U.S. Senate — U.S. Senator Steve Daines joined his colleagues in sending a letter to the Biden Administration urging against the implementation of a drug-pricing scheme selected by the Department of Health and Human Services (HHS) that would stifle innovation and discourage research for new cures.
“By bringing groundbreaking therapies to patients years before these products could otherwise reach the market, the FDA’s Accelerated Approval Program (AAP) has saved countless lives while upholding strong safeguards and standards. The Accelerating Clinical Evidence Model recently announced by the Biden Administration, unfortunately, risks undermining or even reversing this trend, triggering access gaps for seniors, as well as imposing cuts on frontline providers…If proposed and finalized as described, this profound policy shift would inevitably chill incentives for leveraging the FDA’s game-changing expedited regulatory avenue, which has served patients with life-threatening diseases for decades. Later approvals and access delays would follow…We all share the goal of improving prescription drug access and affordability, but this model represents a step in the opposite direction for seniors. We strongly encourage you not to pursue it any further,” the letter reads.
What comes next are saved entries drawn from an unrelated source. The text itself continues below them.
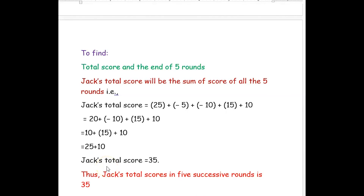Hope you have understood how to add or subtract the given integer numbers. Thank you for watching this video.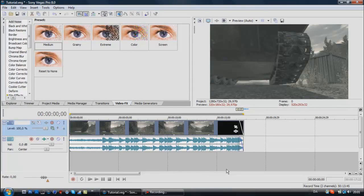What's up guys, Jake here and I'm bringing you another tutorial in Sony Vegas Pro. Today we'll be looking at the flashing effect — like when the screen brightens up a little bit and fades out again. It's very simple, and you saw it in the intro, so I'll just jump right into it and show you how it's done.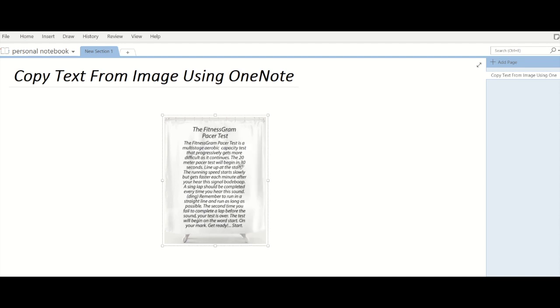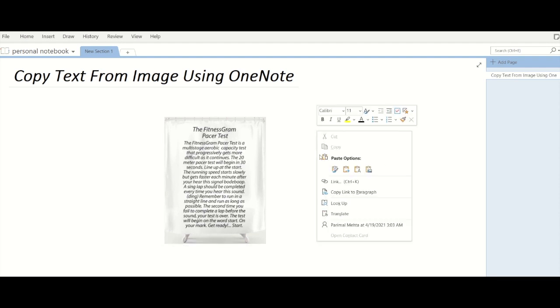The image text has been copied to clipboard and now I can paste it anywhere. So you will now be able to easily copy paste text from an image and save it on your computer.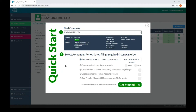Welcome to Easy Digital Filing. In this video, we show you how to create a CT600 filing and accounts for an extended year, which is a period longer than 12 months, and then submit it to HMRC.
Senator Daines is joined by Senators Mike Crapo (R-Idaho), John Barrasso (R-Wyoming), Marsha Blackburn (R-Tennessee), Ted Budd (R-North Carolina), Shelley Moore Capito (R-West Virginia), Susan Collins (R-Maine), John Cornyn (R-Texas), Kevin Cramer (R-North Dakota), Cindy Hyde-Smith (R-Mississippi), James Lankford (R-Oklahoma), Roger Marshall (R-Kansas), Jim Risch (R-Idaho), Marco Rubio (R-Florida), Rick Scott (R-Florida), Tim Scott (R-South Carolina), Thom Tillis (R-North Carolina), Roger Wicker (R-Mississippi).